En plena década infame, el agrimensor, filósofo y militante de Forja Raúl Scalabrini Ortiz decía que “el instrumento más poderoso de la hegemonía inglesa entre nosotros es el ferrocarril. El arma del ferrocarril es la tarifa.
Con ella se pueden impedir industrias, crear zonas de privilegio, fomentar regiones, estimular cultivos especiales y hasta destruir ciudades florecientes. Es un arma artera, silenciosa y, con frecuencia, indiscernible hasta para el mismo que es víctima de ella”.
Scalabrini Ortiz mostraba cómo “una bolsa de harina remitida a Salta paga $2.53 si se envía de Córdoba (862 kilómetros) y solamente $2.06 si se la remite desde Buenos Aires (1.600 kilómetros)”. El trazado ferroviario, un embudo que terminaba en el Río de la Plata, era una garantía de la dominación británica.
El tosudo Scalabrini era uno de los pocos forjistas que no quiso afiliarse al radicalismo. Al año de la llegada de Juan Perón al gobierno, se concretó el sueño del cual Scalabrini había sido emblema.
El 13 de febrero de 1947, se firmó el contrato de compraventa de los ferrocarriles británicos por el Estado.
Eso fue junto a la creación del Instituto Argentino de Promoción del Intercambio (IAPI), la Junta Nacional de Granos, la Flota Mercante, la creación del Banco Industrial, así como la nacionalización del gas y las usinas eléctricas.
La política de distribución de la renta nacional tuvo otro hito el 9 de julio de ese 1947, cuando Perón, en la histórica Casa de Tucumán, declaró “la independencia económica” al terminar de pagar los compromisos externos (incluso, rémoras del empréstito de la Baring Brothers de 1824).
Scalabrini Ortiz, en sus años de agrimensor, recorría campos y se pasaba horas caminando por las vías.

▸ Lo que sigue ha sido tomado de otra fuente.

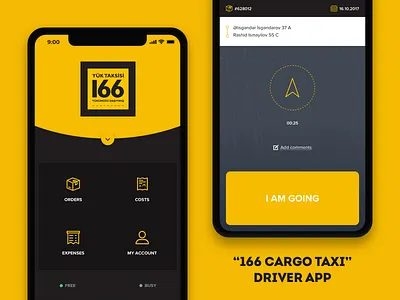 "166 Cargo Taxi" Driver app app azerbaijan baku car cargo ios mobile taxi ui ux yellow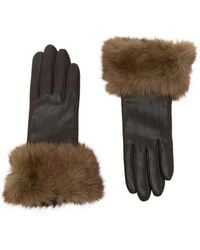 Apparis - Faux-Fur Trim Gloves - Lyst
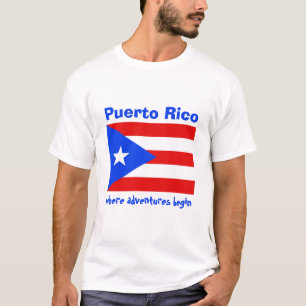 Camiseta con bandera de Puerto Rico + mapa + texto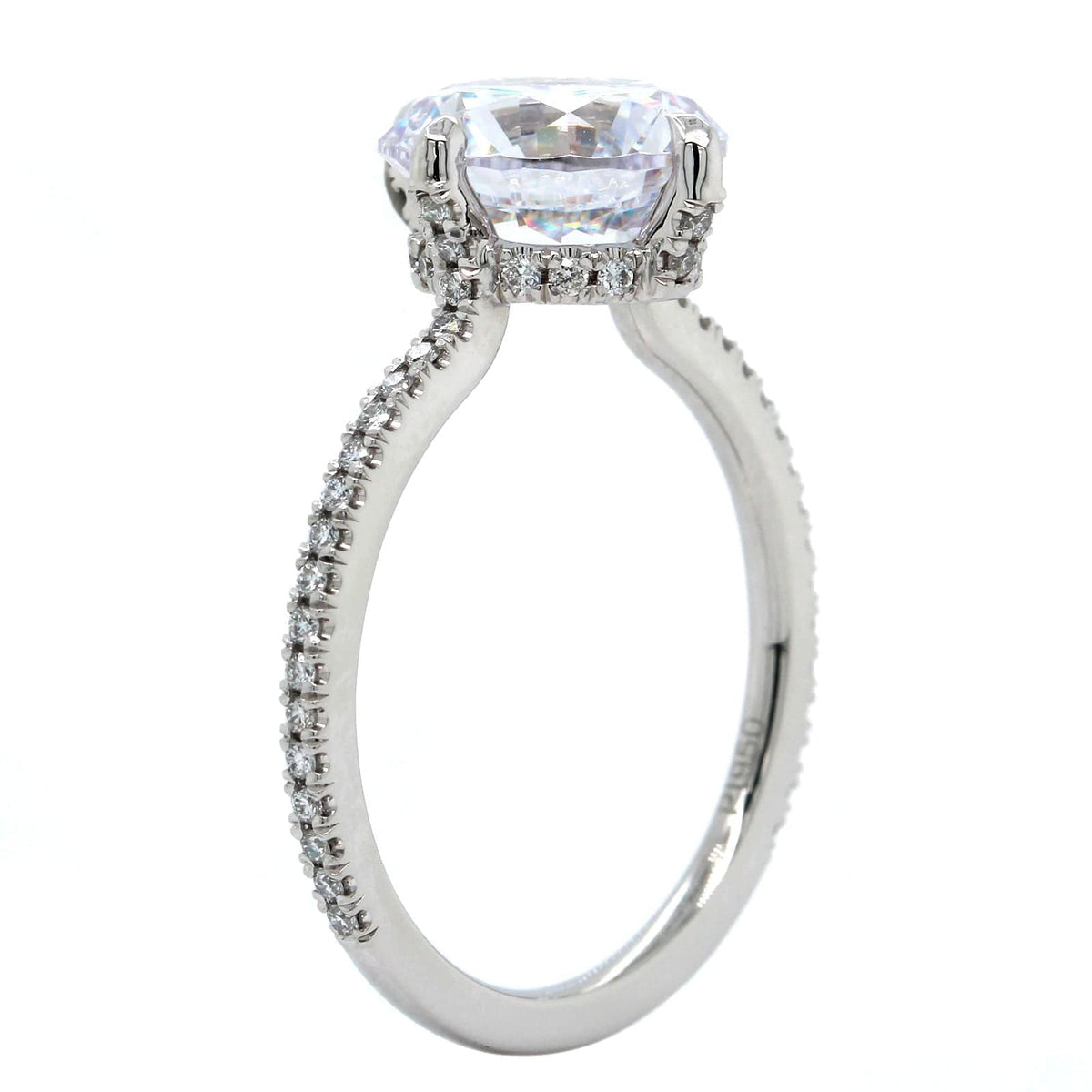 Platinum Compass Prong Diamond Engagement Ring Setting, Platinum, Long's Jewelers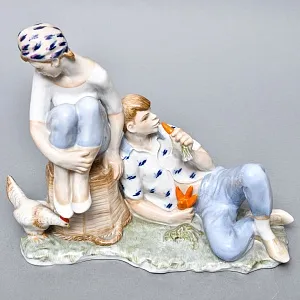 Большая Коллекционная Фарфоровая статуэтка «Бездельники», Россия ДФЗ Дулево. 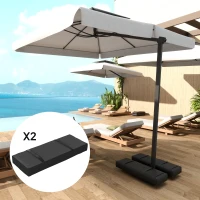Outsunny Parasol Weights Set of 2, Parasol Base Weights Bags, 25kg Fillable Sandbag Weights with Handles, Cantilever Umbrella Base Weights, Black(m-8)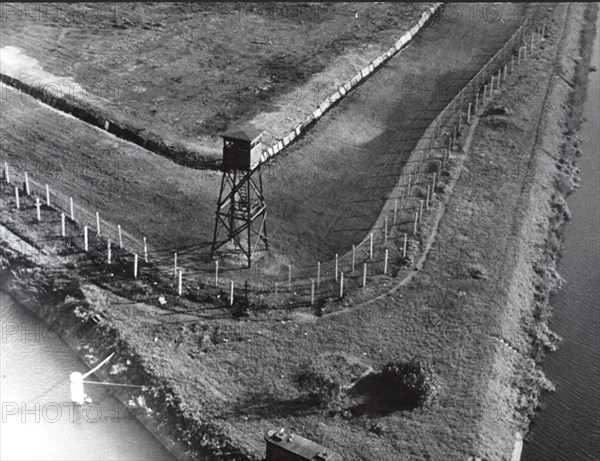 October 1961 - Berlin, October Neukoelln, The Teltow Canal Connects With the Neukoellner Eastern Harbor and the Britzer Canal and Builds the Border The East and West Berlin. A Watch Tower Was Erected at the Intersecting Parts of 2 Canals Where the Volkspolzei Shoot an Escapee.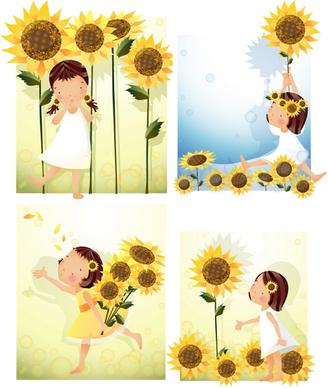 elements of girl sunflower style vector
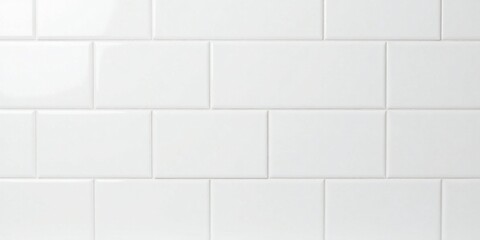 Fototapeta premium Clean White Rectangular Tiles Wall Surface Texture Background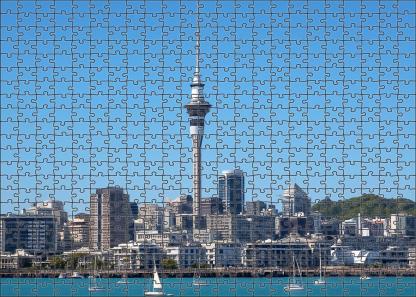 Auckland Waterfront Skyline New Zealands Leading Harbor City Silhouette 300 Piece Puzzle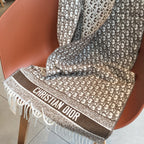 Dior Cashmere Monogram Jacquard Fringe Scarf for Women – product image 33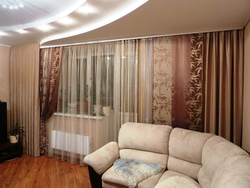 Curtain design for a living room in a modern style with a balcony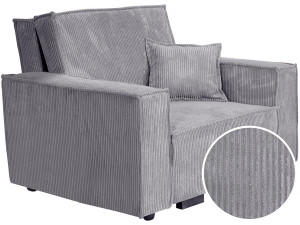 Fauteuil convertible en velours côtelé "Clivia" - Gris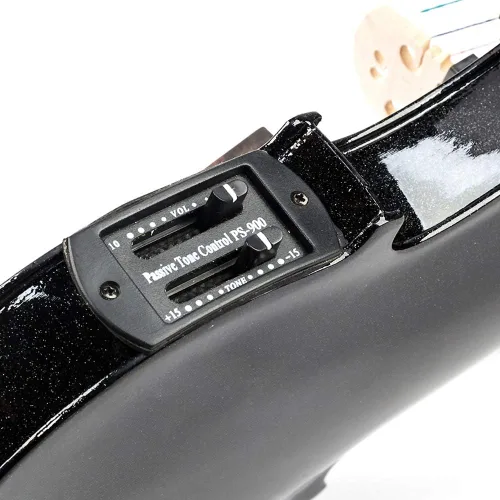 Miniatura 5 de Ktaxon Violín eléctrico acústico, violín 4/4 con preamplificador de ecualización y accesorios de ébano, violín de tamaño completo con cable AUX
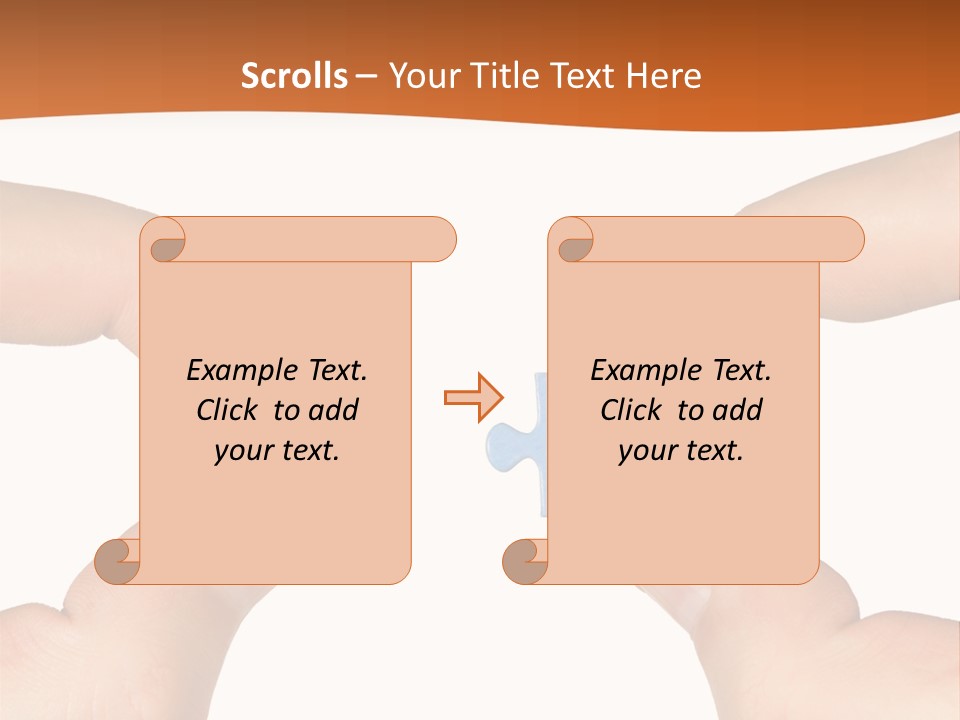 Hands And Puzzle, Isolated On White Background PowerPoint Template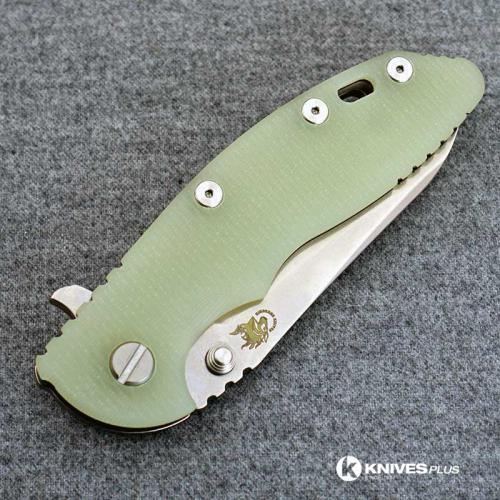 Hinderer Knives XM-18 3.5 Inch Knife - Gen 6 Sheepsfoot - Tri Way Pivot - Stonewash - Translucent G-10 Handle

Le gustaba, en cada pueblo, ver la astucia de los británicos para establecer el lugar exacto donde pasaba el trazado ferroviario o donde se decidía el lugar de una estación.
Él lo sufría más que ninguno: la nacionalización inauguraba una nueva era pero, eso sí, sobre el diseño del país dependiente y raquítico de industrias.
Lo que Tristán Bauer encarna en esta hora no es una misión solitaria. Hay siete años de luchas por cambiar el modelo de distribución de la renta. De avances, algunas veces tibios y otras tantas muy significativos.
La era de la televisión digital es, en verdad, la nueva era donde la televisión va a dejar de ser tal. La convergencia tecnológica ya creó dispositivos en los cuales se funden la computadora, el teléfono y la televisión. Incluso, en poco tiempo, el tamaño de esos dispositivos podrá ser tan pequeño como un reloj. Que el Estado, que este Gobierno, haya tomado la iniciativa de dar el trazado de estas nuevos rieles virtuales, es una significación estratégica.
No sólo porque en una primera etapa podrá brindarse un conjunto de señales gratuitas y terminar con la vergüenza de monopolios que cobran tarifas exorbitantes, meten publicidad por todos lados y, encima, son, parafraseando a Scalabrini “el instrumento más poderoso de la hegemonía”, en este caso, cultural e ideológica.
El gran desafío de esta nueva lucha por la soberanía informativa y cultural es que cada uno de quienes reciban estas nuevas señales pueda valorizar lo “gratuito” como un esfuerzo inmenso en una lucha desigual y como el resultado de una maduración histórica.
Cada antena estará ubicada para dar un paso más y terminar con el diseño del embudo hacia el puerto. El gran sueño es que sepamos que lo gratis es el resultado del esfuerzo de todos y que tiene que redundar en un país para iguales. En el cual, por supuesto, también haya lugar para ferrocarriles para todos.